Obligations beyond the acquisition
Moreover, there is increased recognition of the importance of robust day-to-day compliance through policies and procedures. This has become more evident in recent years with the rise of the number of data breaches being reported. In 2018, the Information Commissioner’s Office (ICO) fined the hotel group, Marriott, the sum of £18.4 million following its acquisition of Starwood, for what was, in fact, a Starwood breach that happened prior to the acquisition. During its representations, Marriott argued that it was only able to carry out a narrow scope of due diligence on Starwood’s data processing systems and databases. That clearly did not provide an adequate defence and, notably, the ICO was of the opinion that even if fuller due diligence had been undertaken during the acquisition process, that would not have removed Marriott’s continuing obligation to ensure that it complied with the GDPR. So this tells us there is a clear need not only for thorough due diligence, but for robust procedures and policies to be in place post-acquisition to ensure ongoing compliance.
Companies that have robust policies and procedures in place in respect of the data they hold will be better equipped to exploit the value in that data. From a potential purchaser’s perspective, whilst due diligence may corroborate value, it may also identify other potential sources of data value in a target and provide the basis for effective integration of target data into a business. Defensively, it is an opportunity for a purchaser to ensure that it has properly evaluated, and mitigated, potential legal and commercial risks that may come with such data. It will also enable purchasers to understand what actions may need to be taken pre-acquisition as a condition of the deal or, more commonly, post-acquisition as part of a housekeeping exercise to improve compliance and security.

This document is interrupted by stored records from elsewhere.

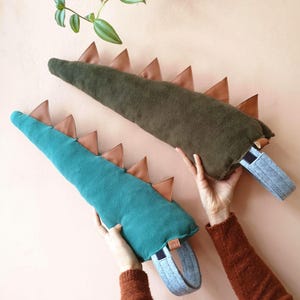 Dinosaur tail kids, dinosaur kids gift, dinosaur kids costume, dinosaur kids toys, dino tail, dino kids gifts, dinosaur lovers, kids gift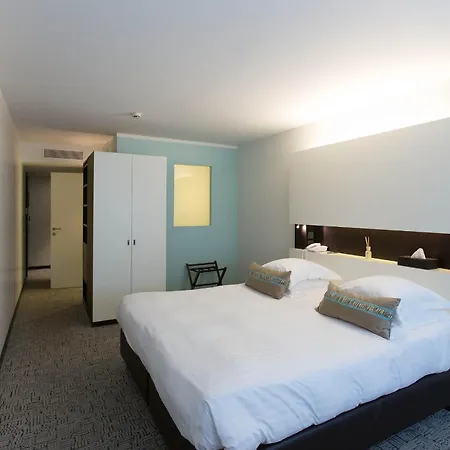 Royal - Luxury Hotel, Residence, &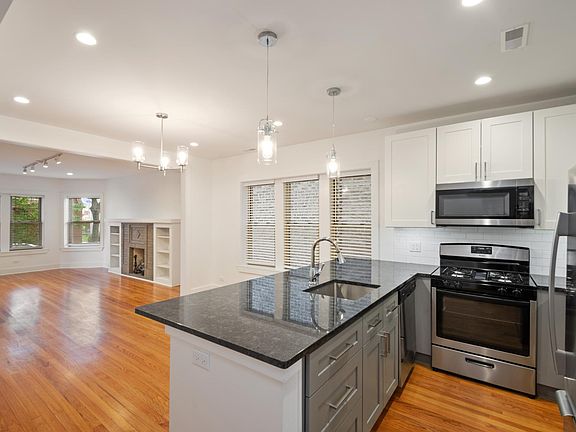 4th image of 3622 N Sacramento Ave #2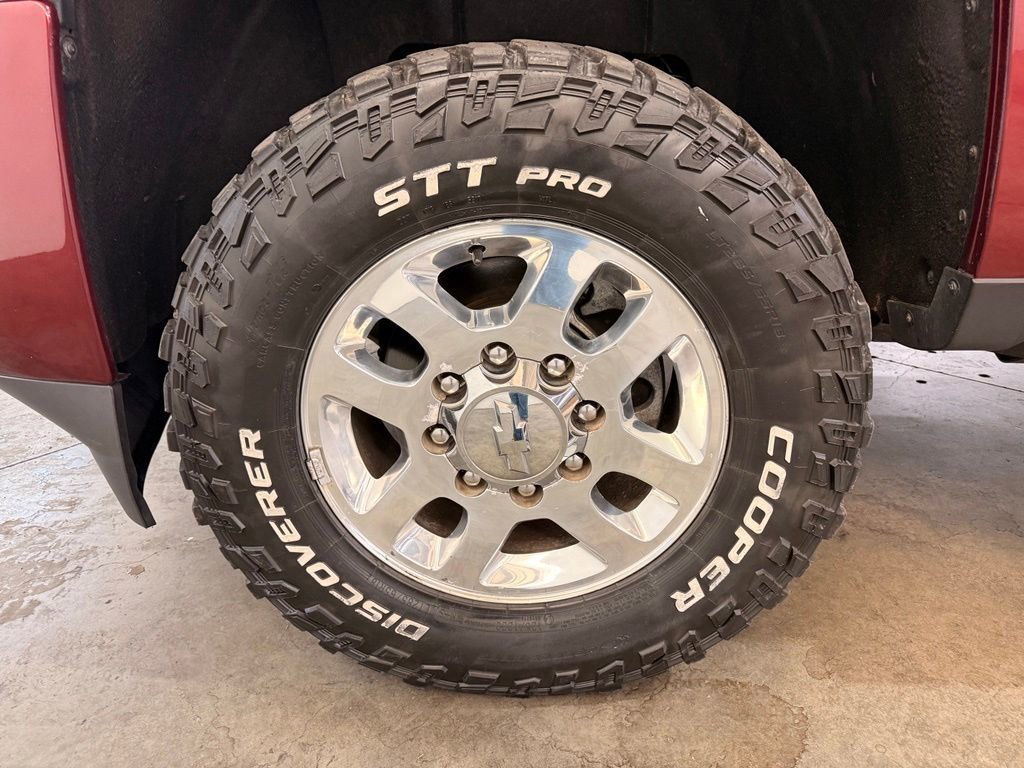 Used 2016 BUTTE RED METALLIC Chevrolet High Country image 13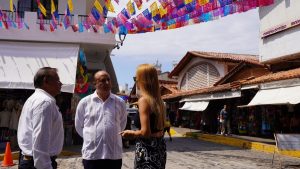 Construyen muro para proteger mercado del Cuale en Vallarta. El ayuntamiento entrega muro de protección para resguardar el mercado del Cuale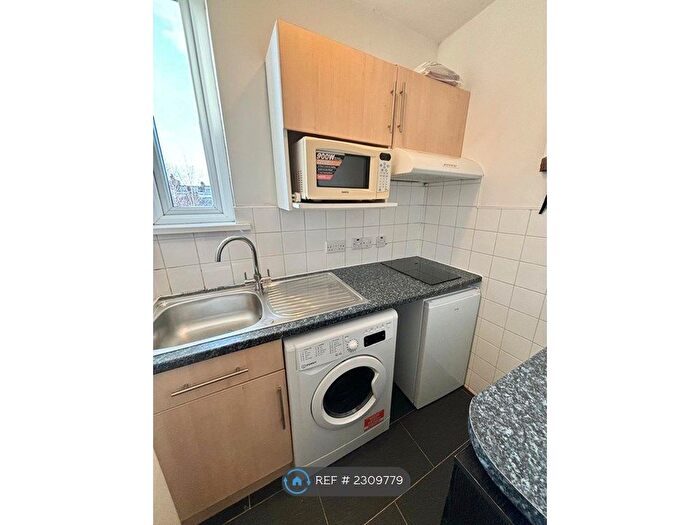 1 Bedroom Flat To Rent In Hammersmith Grove, London, W6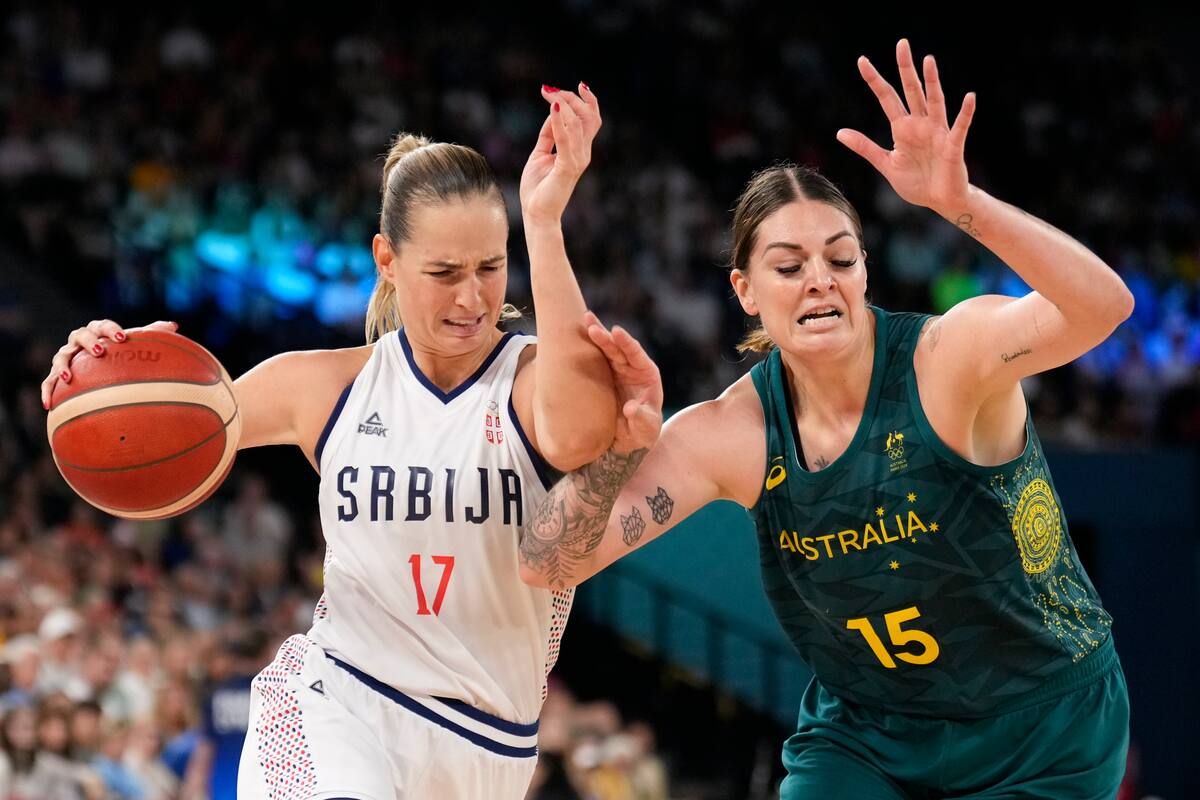 Jovana Nogic, de Serbia, transporta el balón ante la marca de Cayla George, de Australia, durante el juego del miércoles.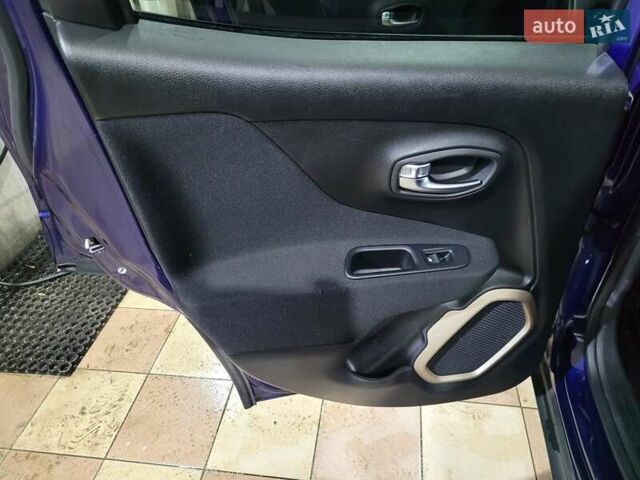 Синий Джип Ренегат, объемом двигателя 2.36 л и пробегом 249 тыс. км за 11750 $, фото 20 на Automoto.ua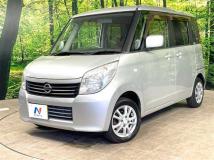 2010 Nissan ROOX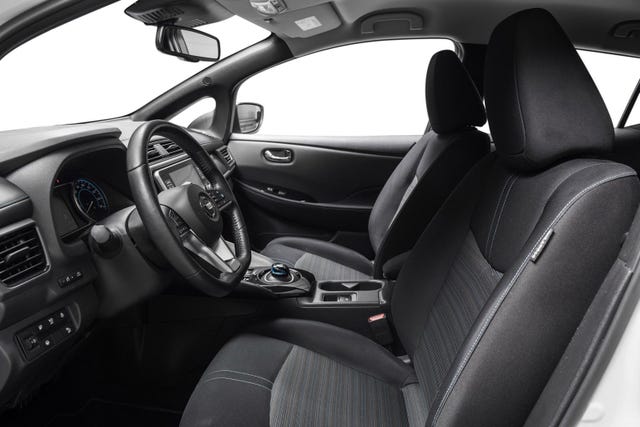 2020 NISSAN LEAF - 10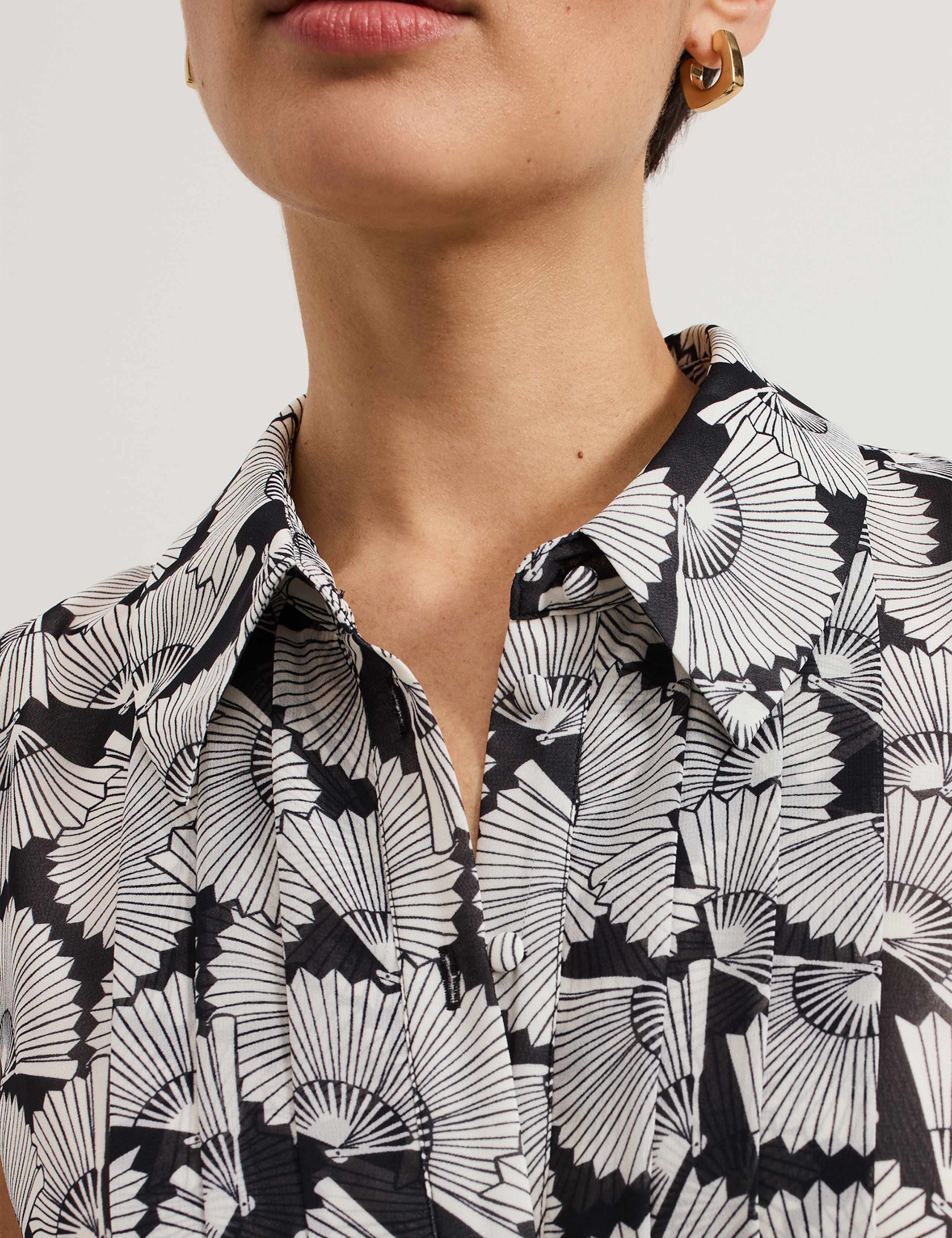 Printed Tie Detail Sleeveless Jumpsuit 6 of 8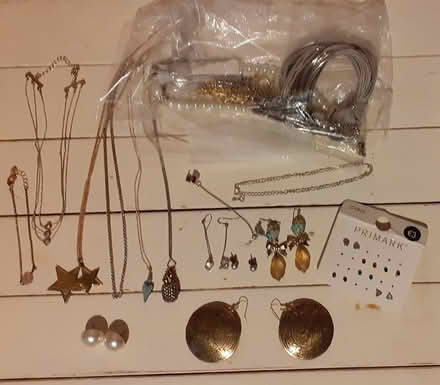 Photo of free Various womens jewellery (Brixton SW9) #1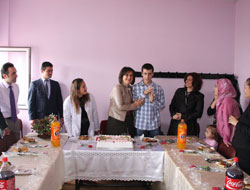 Bayan Kızılcık otistiklerin yanında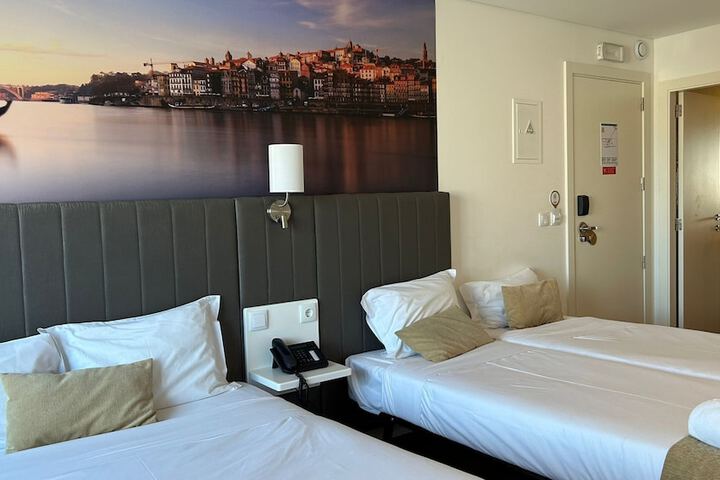 Room 16 of 29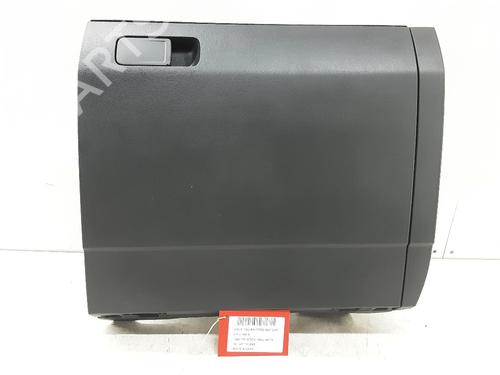 Used Glove box Glove box VW TIGUAN (AD1, AX1) 1.4 TSI (150 hp) 33312958 33312958
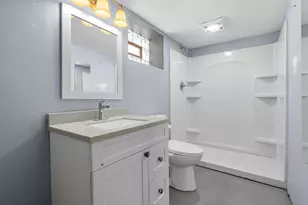 725 Gayle Ave, Kalamazoo, MI 49048 - Photo 23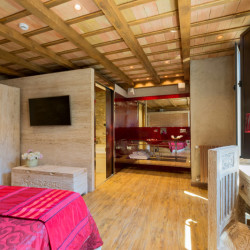 red-room-hotel-historic-girona-habitacion-singular-romantica-2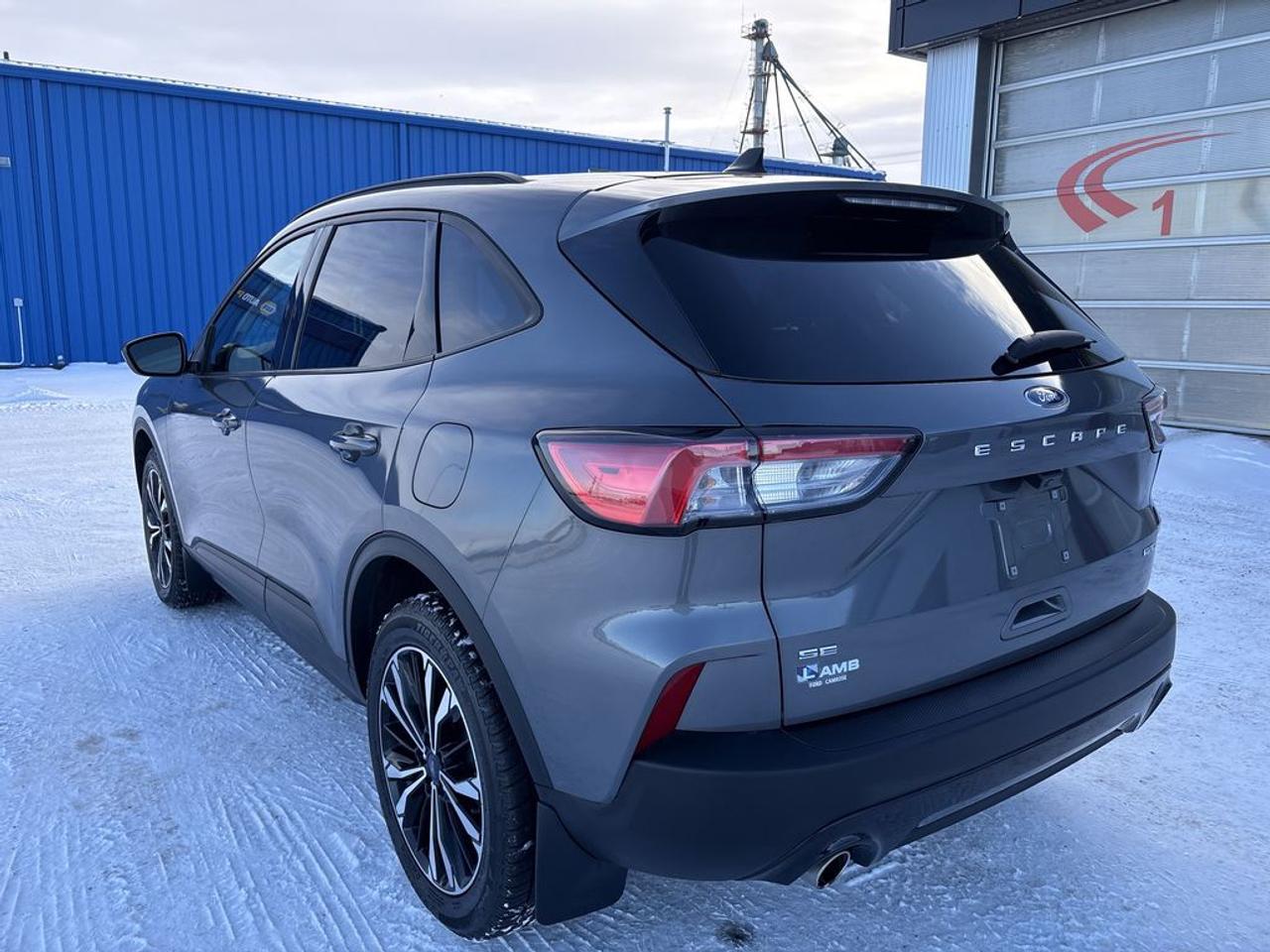 2022 Ford Escape SE Photo4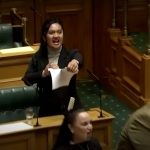 Chi è Hana-Rawhiti Maipi-Clarke: la giovane deputata maori ha portato la haka in parlamento come atto di protesta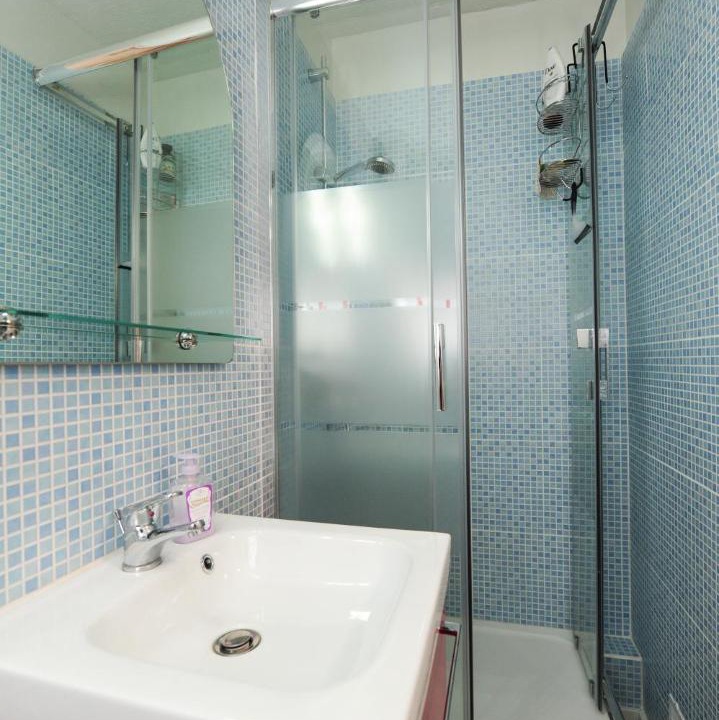 Photo of Bathroom in Gambetta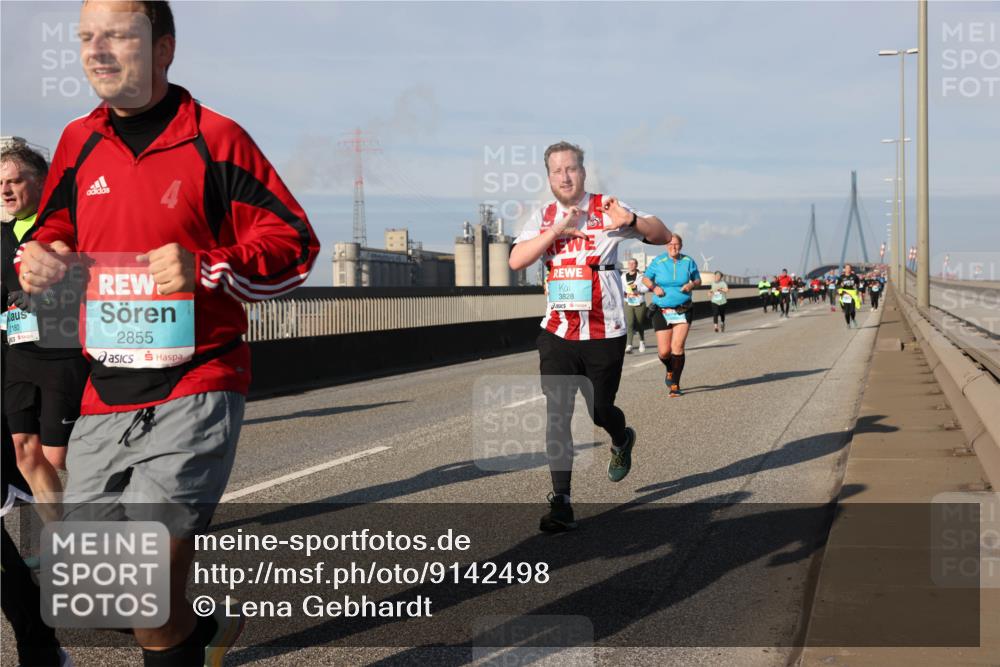 03.10.2025 - Köhlbrandbrückenlauf Lena Gebhardt http://msf.ph/oto/9142498 03.10.2025 10:00:20 Position 2 2180, 2855, 3828 meine-sportfotos.de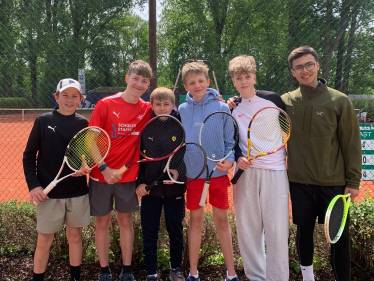Tennis: Jungen III auf Erfolgskurs – Zwei Siege bei Dreierbegegnung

The digital revolution has seen the value of data grow exponentially. Corporate transactions can provide companies with sought after digital capabilities and the ability to extract significant commercial value from diverse sources of data. Whilst data can be incredibly valuable as a business asset, it is crucial to ensure value is not diminished by failings in how it is handled and protected. As we can see from the Marriott case, a valuable data asset, when mismanaged, has the potential to bring financial harm and reputational risk.